The Promise of Failure is part memoir of the writing life, part advice book, and part craft book; sometimes funny, sometimes wrenching, but always honest. McNally uses his own life as a blueprint for the writer’s daily struggles as well as the existential ones, tackling subjects such as when to quit and when to keep going, how to deal with depression, what risking something of yourself means, and ways to reenergize your writing through reinvention.
What McNally illuminates is how rejection, in its best light, is another element of craft, a necessary stage to move the writer from one project to the next, and that it’s best to see rejection and failure on a life-long continuum so that you can see the interconnectedness between failure and success, rather than focusing on failure as a measure of self-worth. As brutally candid as McNally can sometimes be, The Promise of Failure is ultimately an inspiring booknever in a Pollyannaish self-help way. McNally approaches the reader as a sympathetic companion with cautionary tales to tell. Written by an author who has as many unpublished books under his belt as published ones, The Promise of Failure is as much for the newcomer as it is for the established writer.

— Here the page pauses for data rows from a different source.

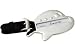 Silver Airplane Name Tag - Includes Free Engraving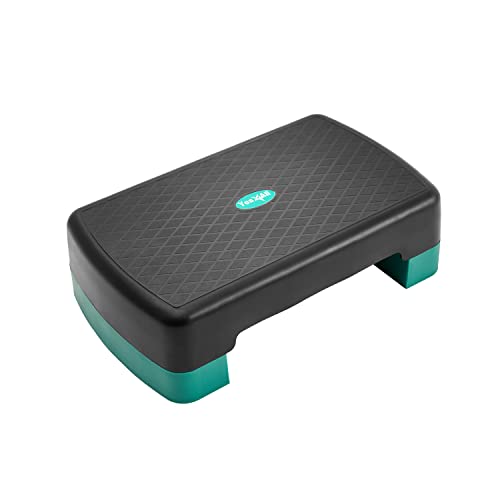 Yes4All Aerobic Exercise Step Platform, Exercise Stepper with Risers for Cardio and Strength Training, Workout Stepper for Home Gym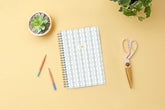 2026 planner with floral striped from cover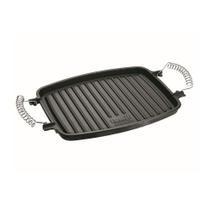 Chapa Grill Retangular Ferro Fundido Alça Espiral Base Estriada Preto Panela Mineira Chapa Grill Retangular Ferro Fundido Alça Espiral Base Estriada Preto Panela Mineira
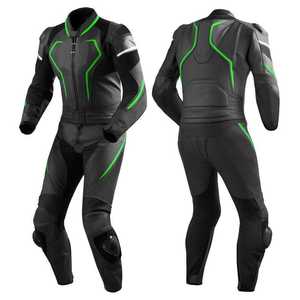 Trajes de motociclismo de cuero vacuno con estampado de talla grande y mangas largas para carreras de motos - Product Image 4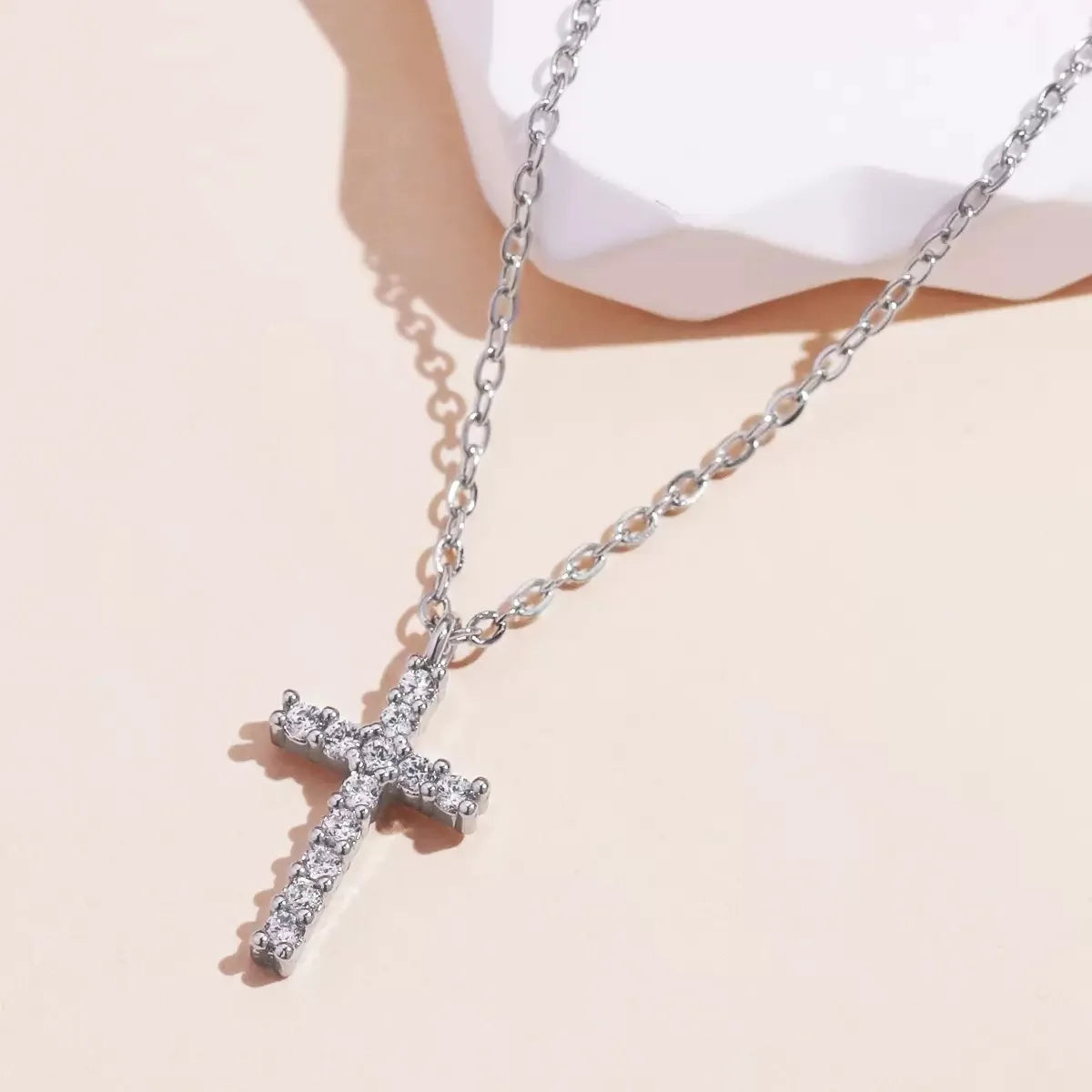 Gold Cross Faith Pendant Necklace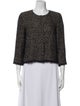 Max Mara Tweed Pattern Evening Jacket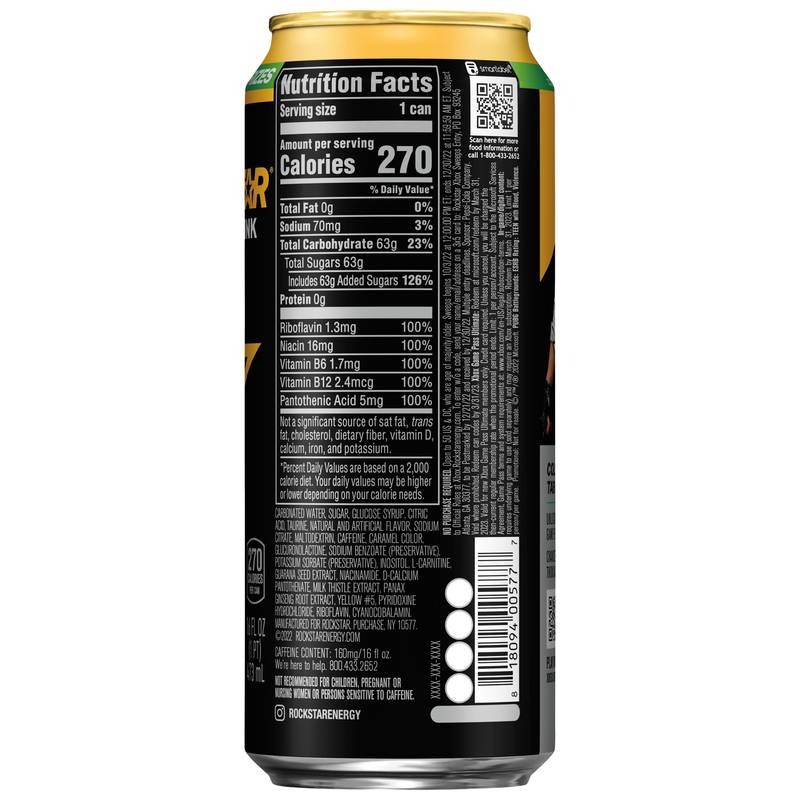 Rockstar Original 16oz Can - Rockstar – BevMo!
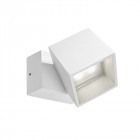 Applique cubus, aluminium et verre, blanc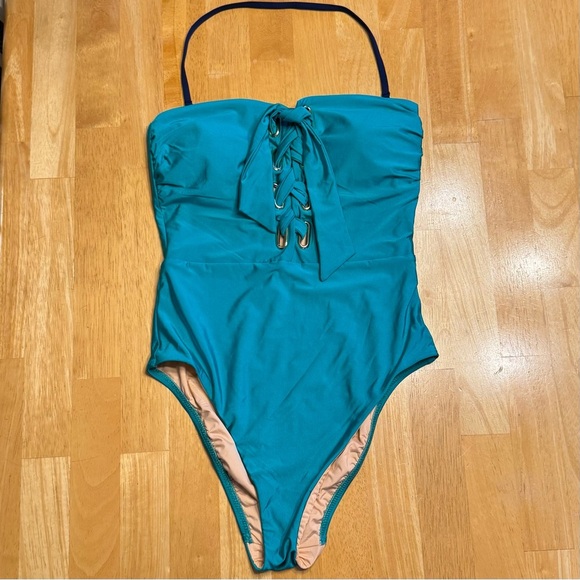 Trina Turk One Piece Swimsuit Size 6 - Picture 1 of 9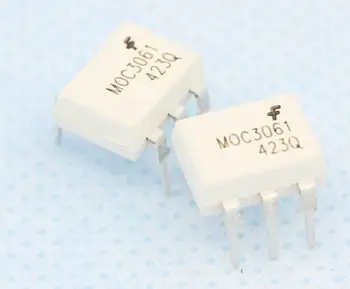 5 VNT IC MOC3061 CINKAVIMAS-6 Zero-Cross Optoisolators Simistorių Ratai NAUJI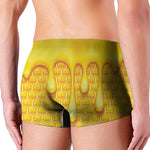 Sweet Honey Bee Hive Print Men's Boxer Briefs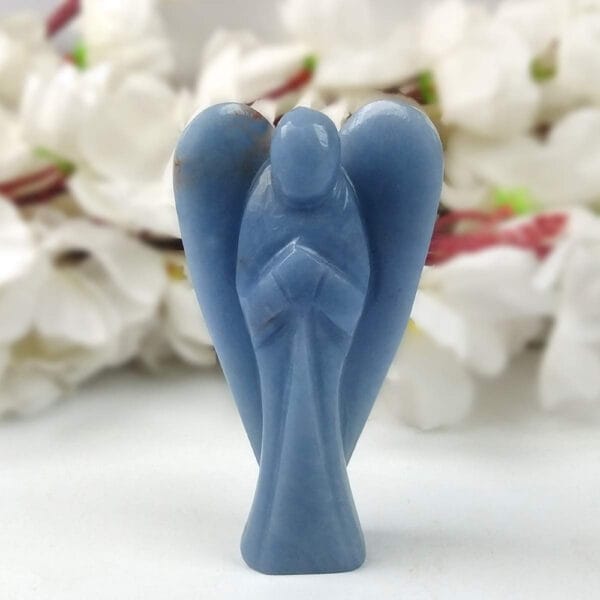Reiki Crystal Products Angelite Angel, Angelite Angel Statues, Natural Crystal Stone Angel. - Image 2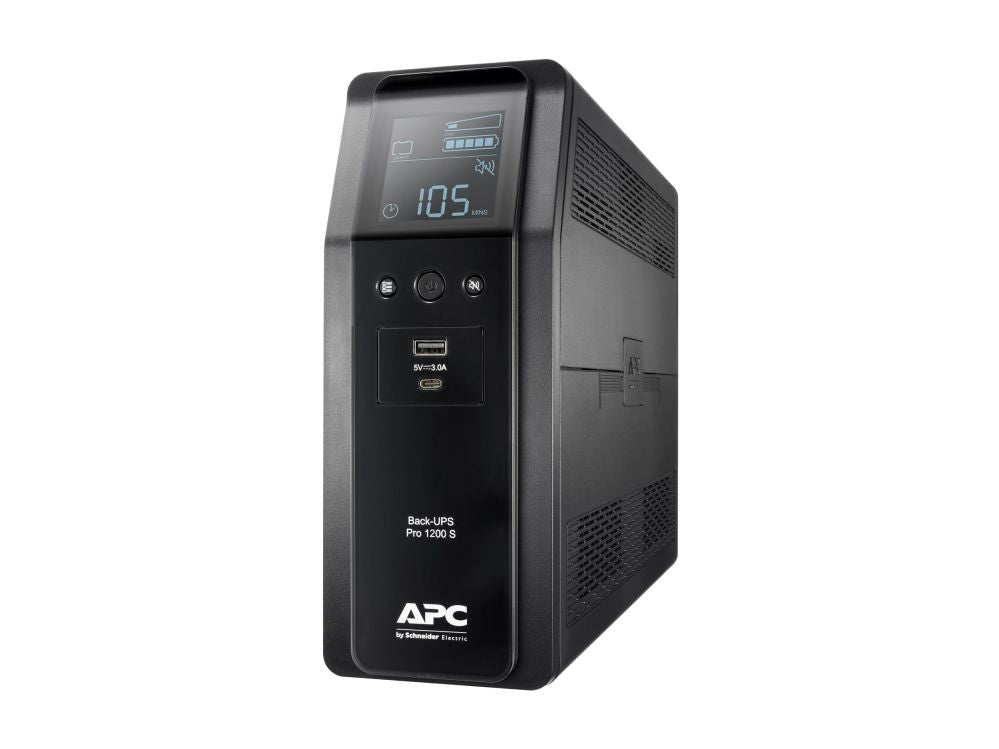 Серверы Schneider Electric  APC Back UPS Pro BR 1200VA, Sinewave,8 Outlets, AVR, LCD interface |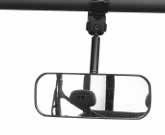 (1,75") and 51 mm (2") steel bar clamp option for maximum strength and durability Styling matches side view mirrors
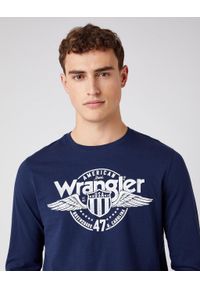 Wrangler - MĘSKI LONGSLEEVE WRANGLER LS AMERICANA TEE NAVY W7J5D3114 112141548. Długość rękawa: długi rękaw #2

|Publisher:||University of Iowa Press|
|Product dimensions:||6.00(w) x 9.00(h) x 0.60(d)|
About the Author
John McNally is the author or editor of seventeen books, including The Boy Who Really, Really Wanted to Have Sex: The Memoir of a Fat Kid and Vivid and Continuous: Essays and Exercises for Writing Fiction (Iowa). McNally divides his time between Winston-Salem, North Carolina, and Lafayette, Louisiana. He teaches at Pacific University in Forest Grove, Oregon.
Read an Excerpt
REJECTION, FAILURE, AND THE BIGGER PICTURE A PERSONAL HISTORY
For years I saved my rejections. Many were standard rejections with boilerplate language. Some came with handwritten notes at the bottom of the rejection slip. Daniel Menaker at the New Yorker used a typewriter to compose his rejection note. Gordon Lish's handwriting looked like hieroglyphics. At least one rejection was a Post-it note that said, simply, "Sorry." Another was a long, cruel rejection by an editor who himself hadn't read the story but whose assistant hated it. The Atlantic used the best paper stock. Rust Hills at Esquire liked one of my stories but thought the last sentence ruined it. I offered to cut the last sentence but never received a reply from him.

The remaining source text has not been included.